3.6. Impact of Flow Fields on Overpotential Distribution

Figure 17 shows contour plots for the distributions of overpotential on the electrode-current collector interface at 80% SOC for an applied current density of 60 mA.cm−2. The current density distribution mentioned earlier corresponds closely to the overpotential distribution, which quantifies the losses occurring in the electrode due to activation, ohmic, and concentration polarisation. To analyse the influence of structure on the resulting variation in overpotential, a specific compression condition is considered while keeping the physical and chemical property parameters of every flow field constant.
Among the different compression conditions and flow fields, the uncompressed electrode in the serpentine flow field demonstrates the lowest overpotential in the regions near the current collector. This outcome is primarily attributed to the higher uniformity in concentration distribution and enhanced convective mass transport to the membrane. The accompanying Figure 16 illustrates this phenomenon. To mitigate or minimise the impact of side reactions, such as oxygen and hydrogen evolution, it is crucial to comprehend the location and extent of such polarisation effects [26].
In Figure 18, the variations in positive and negative overpotential under non-homogeneous conditions are depicted. The overpotential exhibits its minimum value around a state of charge (SOC) of 0.5, while it reaches its maximum at either the lowest or highest SOC for all flow fields in the case of the negative electrode. This behaviour can be attributed to the influential role of ion concentrations on the local electrochemical reaction rate.

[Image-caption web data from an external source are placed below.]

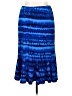 TanJay Tie-dye Blue Casual Skirt Size 14 - photo 1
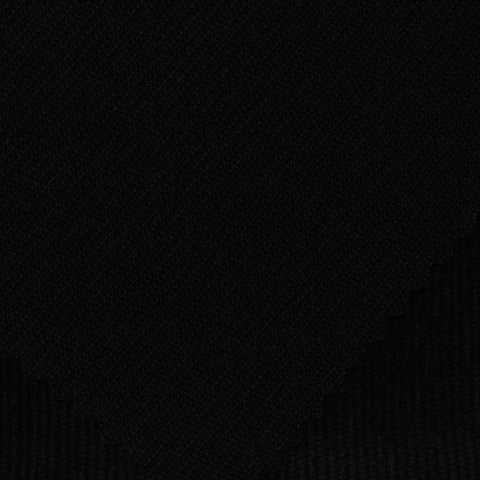 Polyester Stretch Corduroy Fabric, 240 gsm — Black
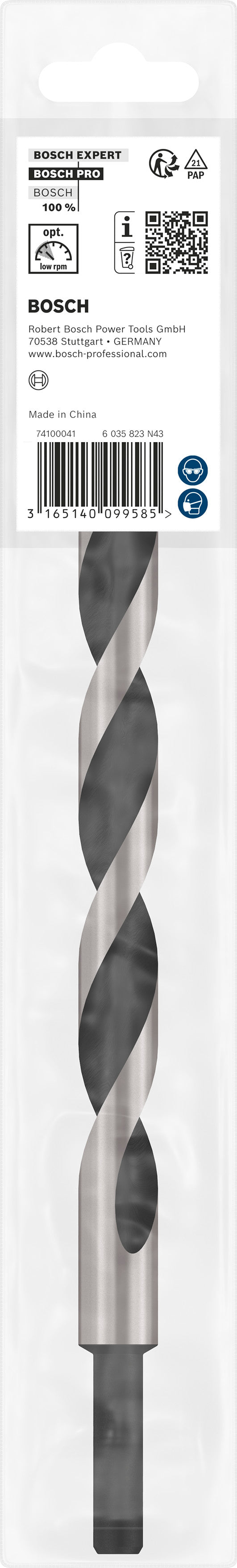 Broca para madeira Bosch Machine 16x250mm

3.7. Impact of Flow Fields and Compression on Current Density Distribution

Figure 19 illustrates the contours of transfer current density distribution for three distinct instances of electrode compression applied to the negative electrodes on the contact surface between the bipolar plate and electrode. The results indicate that the flow channel within the bipolar plate significantly influences the distribution of current density. In regions where the electrode comes into direct contact with the current collector, such as around the rib positions, the current density is higher compared to the area beneath the channel in all flow fields. This enhanced electron conduction in the contact areas yields a greater response.
The non-homogeneously compressed electrode exhibits lower porosity around the ribs and higher porosity intruding and beneath the channel area. Consequently, the areas mentioned later experience less resistance and higher mass transfer for the reactant. These findings demonstrate an overall higher reactant consumption rate, resulting in a higher current density for the non-homogeneous case.
However, in a homogeneously compressed electrode, local concentration depletion in the electrode is the cause of large current gradients while the velocity distribution through the channel is uniform. The total current generated is constrained by the diffusion mass transport resistance between the liquid electrolyte and the electrode surface due to low porosity [19]. Reactant concentrations and overpotential are dependent on the current density, with the lowest reactant concentration exhibiting the most abrupt drop. Additionally, achieving an equal distribution of current density in a battery helps to reduce overpotential.
Based on the data depicted in Figure 20, a clear trend emerges indicating that the potential difference across three flow battery scenarios, each subjected to varying degrees of compression, rises correspondingly with an elevated current density. Specifically, the scenario employing an uncompressed electrode exhibits the highest discharge potential. This outcome can be attributed to the reduced resistance and uniform dispersion of current across the electrode surface.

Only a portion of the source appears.